Reputation: 137
I'm trying to filter and sort a Pandas dataframe to clean my data. I've looked on StackOverflow and can't seem to find a method that will give me the sort and filter I need. The data I'm working with looks something like this:
| Name 1 | Name 2 | Score |
| ------ | ------ | ----- |
| Amy | Jack | 2.456 |
| Amy | Jack | 3.234 |
| Amy | Jack | 5.124 |
| ... | ... | ... |
| Max | Jane | 8.569 |
| Max | Jane | 4.654 |
| Max | Jane | 6.349 |
What I want to do make a new dataframe out of the lowest score of every pair of names.
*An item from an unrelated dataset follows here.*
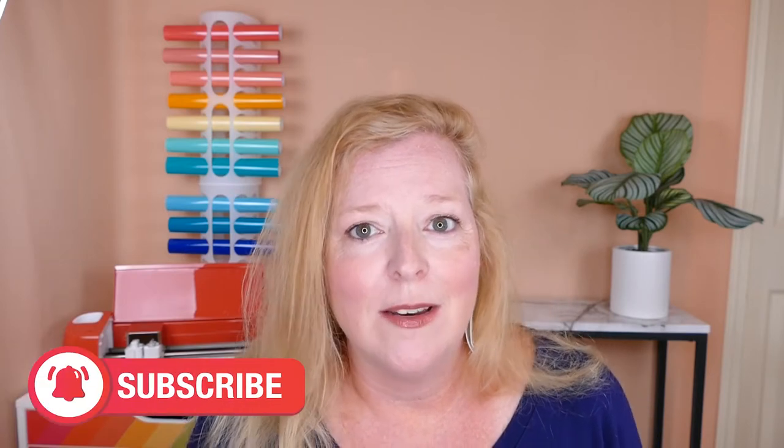Hi, this is Amy Romeo from the jewelry and craft making blog, amyromeo.com, and on this channel I teach you fun and easy jewelry making and craft projects. Today I'm going to be showing you how to make a really cute ice cream cone keychain, and I'm going to be making it with the Cricut Explore Air 2, because I get so many questions about whether or not you can cut faux leather with the Explore Air 2. So yes you can, and I'm going to show you how to do that today.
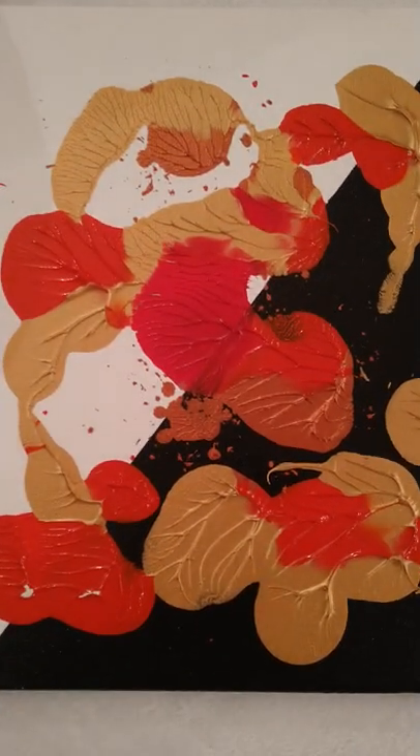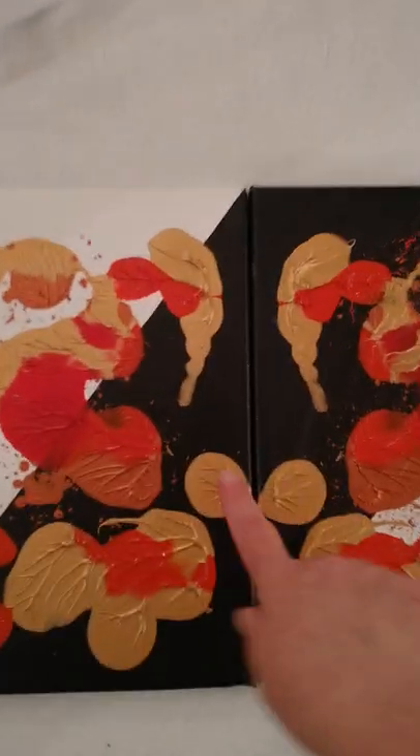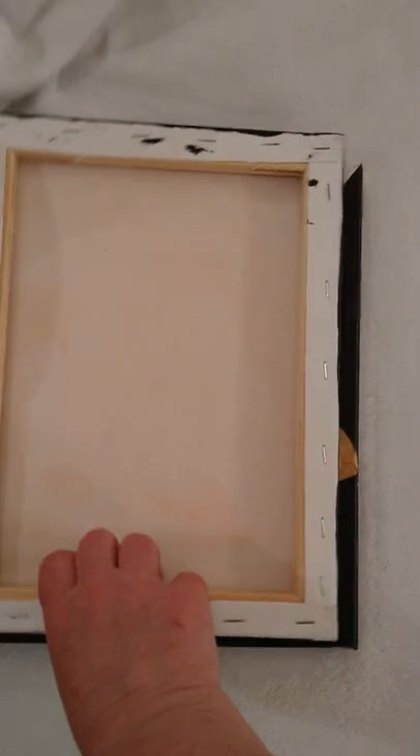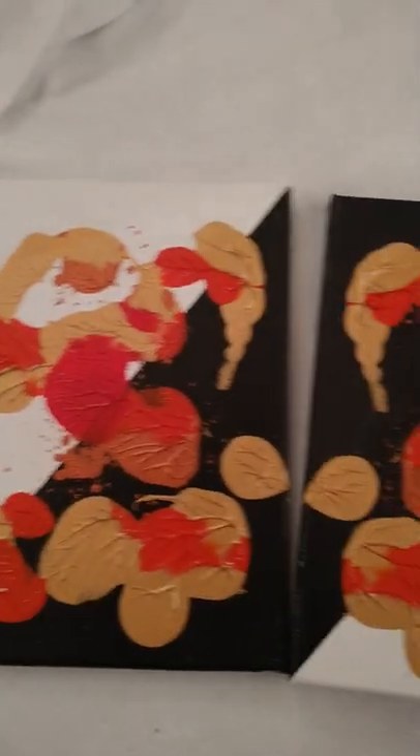Greetings and salutations, another art chatterbox this evening. Here I have another example where the panel's been prepped ahead of time — it's half white and half black — and then the two panels. When I'm smooshing them they go like this, and then I open them up.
So the resulting dataframe would be something like this:
| Name 1 | Name 2 | Score |
| ------ | ------ | ----- |
| Amy | Jack | 2.456 |
| ... | ... | ...|
| Max | Jane | 4.654 |
Upvotes: 1
Views: 1393
Reputation: 24324
You can also use sort_values()
and groupby()
method:
df.sort_values(by='Score').groupby(['Name 1', 'Name 2'], as_index = False).first()
OR
Use sort_values()
and drop_duplicates()
method:
df.sort_values(by='Score').drop_duplicates(subset=['Name 1', 'Name 2'])
Upvotes: 3
Reputation: 2128
Use:
df = df.groupby(['Name 1', 'Name 2'], as_index = False).agg(Score = ('Score', 'min'))
Output:
>>> df
Name1 Name2 Score
0 Amy Jack 2.456
1 Max Jane 4.654
Upvotes: 3